** DIRECTIONS FOR THIS TASK **
Could you give back the records exactly, taking out the pictures?

** INFORMATION SUPPLIED **
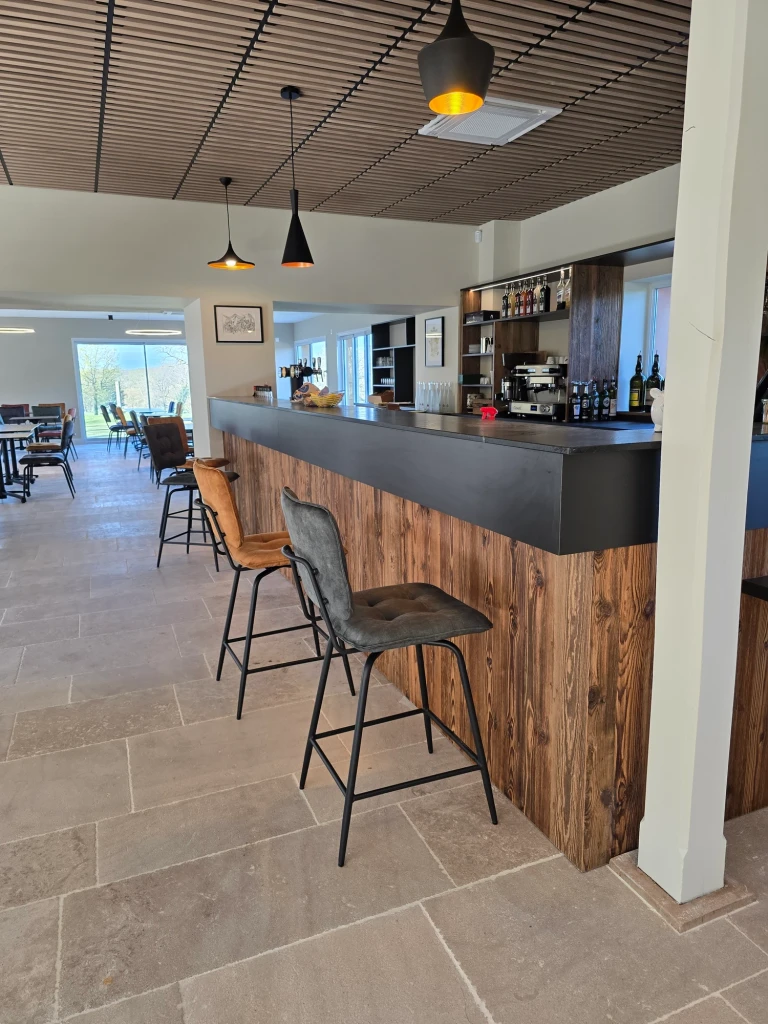 Agencement de bar en bois — vue 26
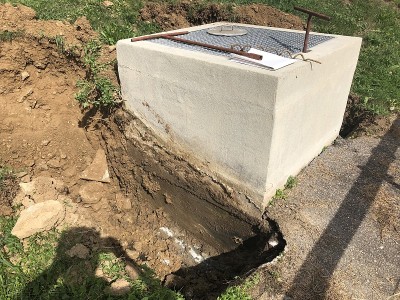 污水井已挖空进行维修工程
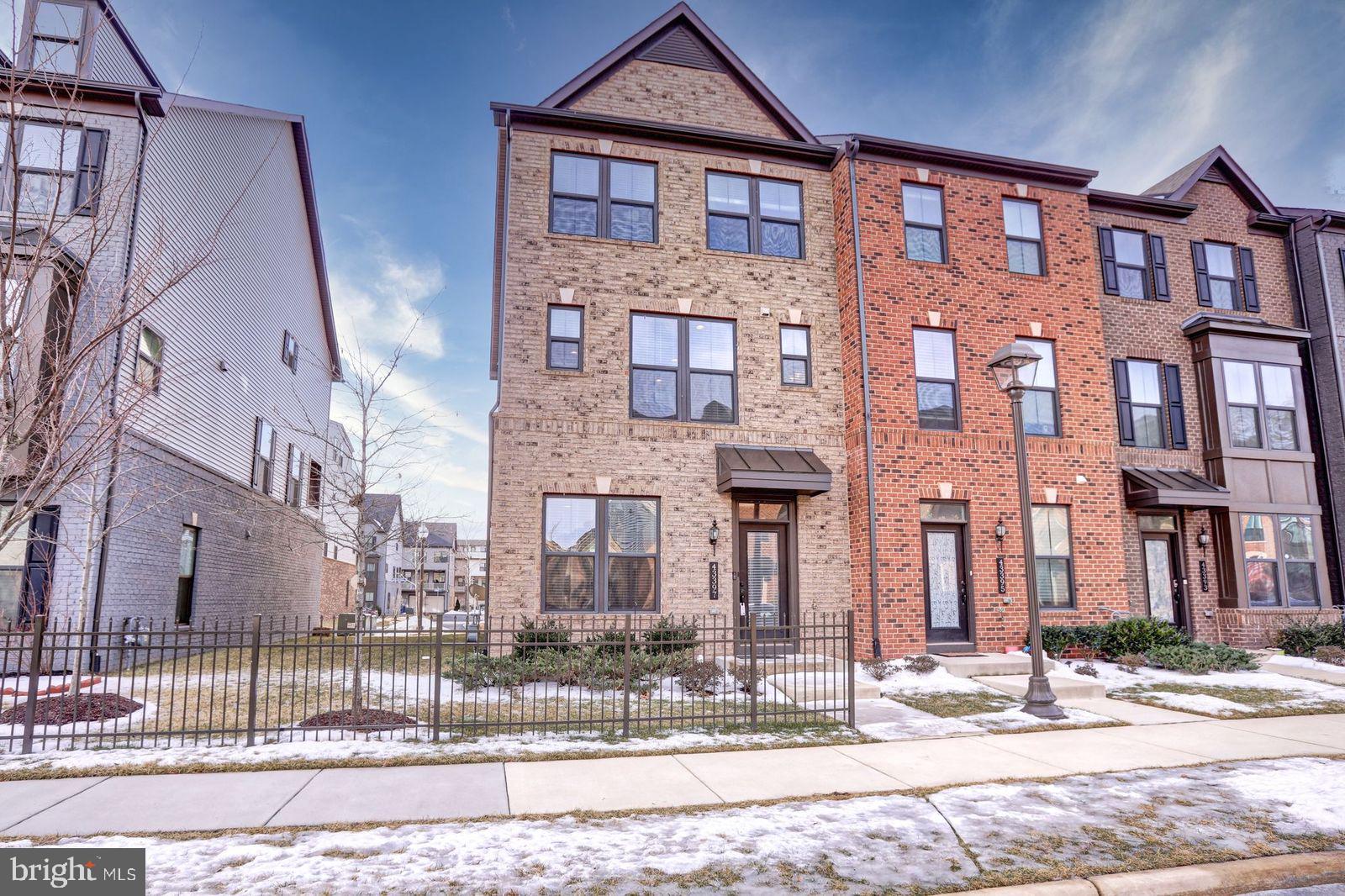 43397 Charitable Street Ashburn, VA 20148 - Photo 2 of 25 Exterior Front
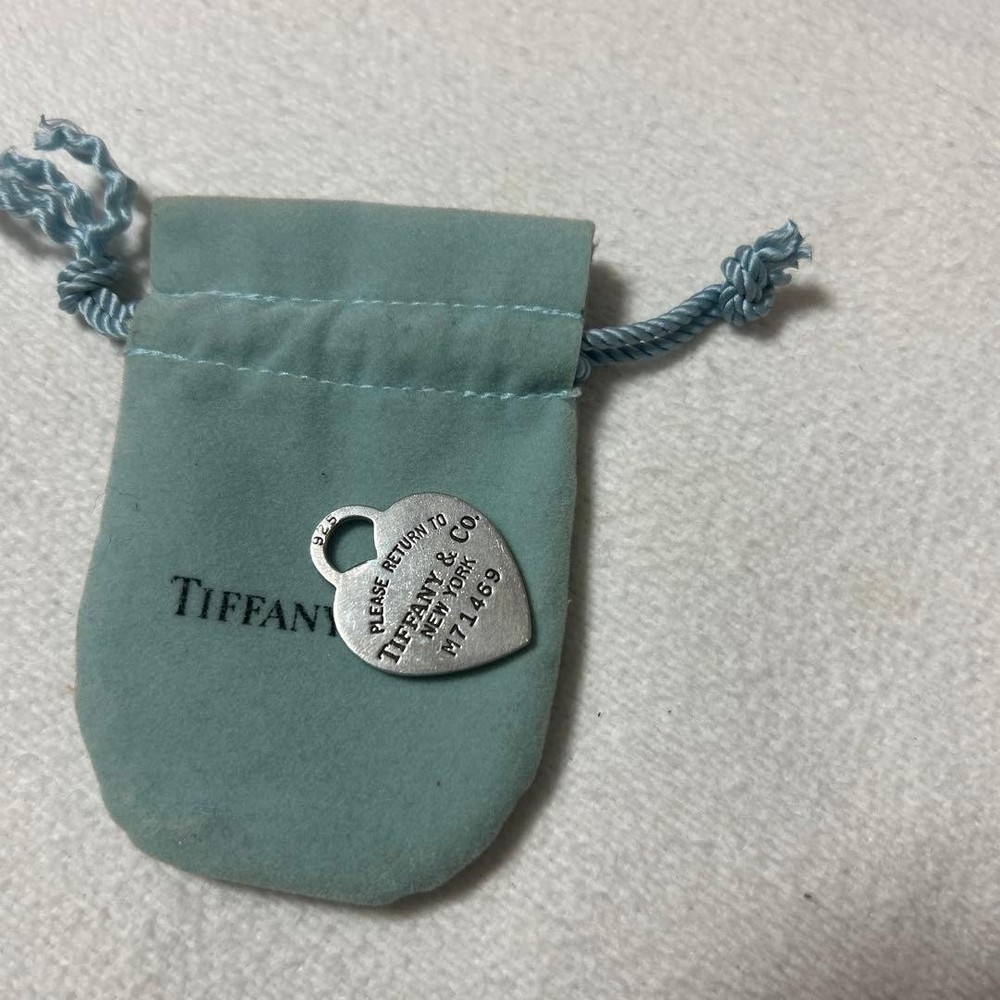 Tiffany & Co. Heart-shaped charm
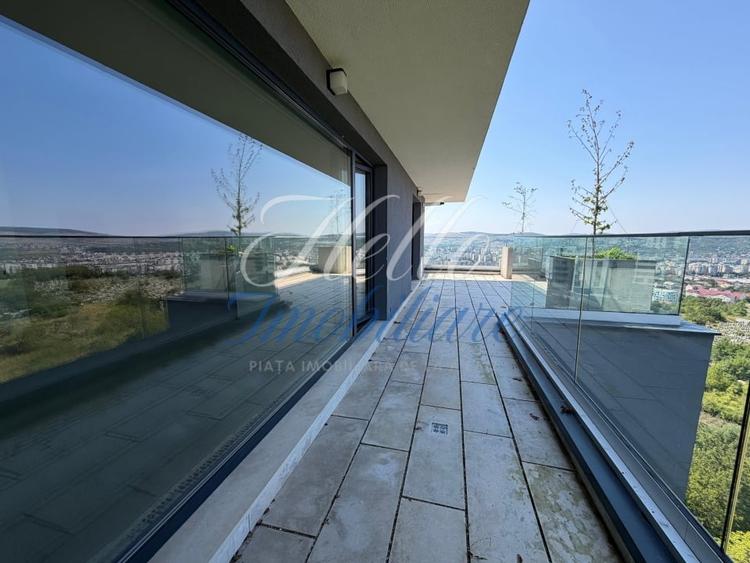 Penthouse cu 3 camere decomandat în Zorilor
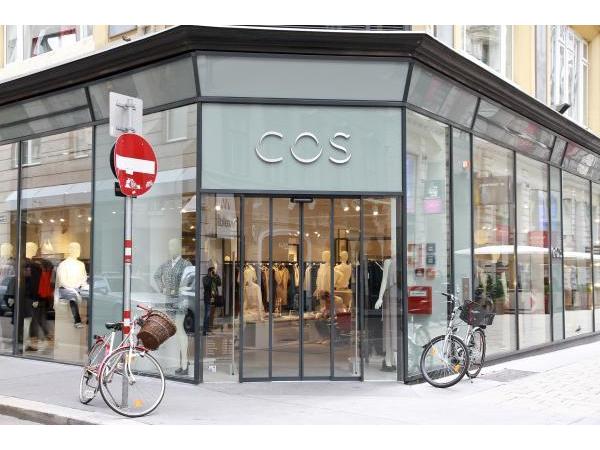Bild 1 von COS Collection of Style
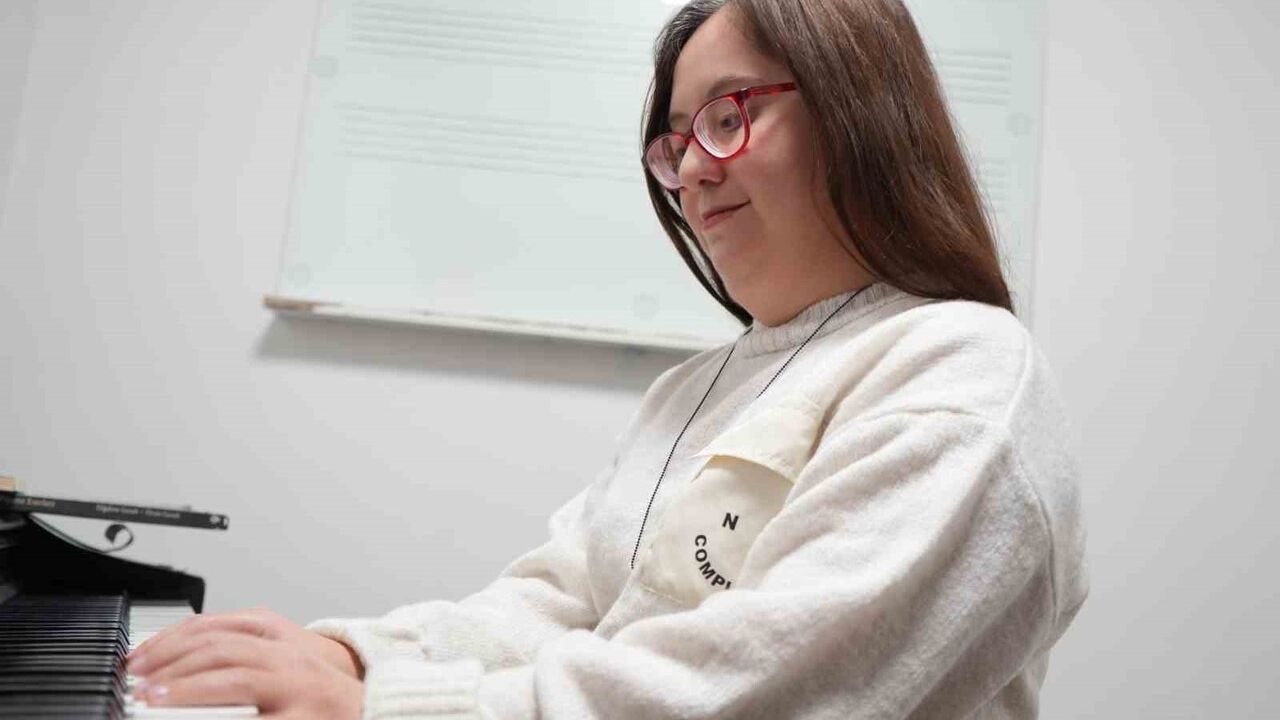 Osmaniye’de otobüs kazasında 34 yaşındaki Down sendromlu Eda Bayrak yaşamını yitirdi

** OUTPUT FOR THIS EXERCISE **
 Agencement de bar en bois — vue 26
 污水井已挖空进行维修工程
 43397 Charitable Street Ashburn, VA 20148 - Photo 2 of 25 Exterior Front
 Tiffany & Co. Heart-shaped charm
 Penthouse cu 3 camere decomandat în Zorilor
Bild 1 von COS Collection of Style
 Osmaniye’de otobüs kazasında 34 yaşındaki Down sendromlu Eda Bayrak yaşamını yitirdi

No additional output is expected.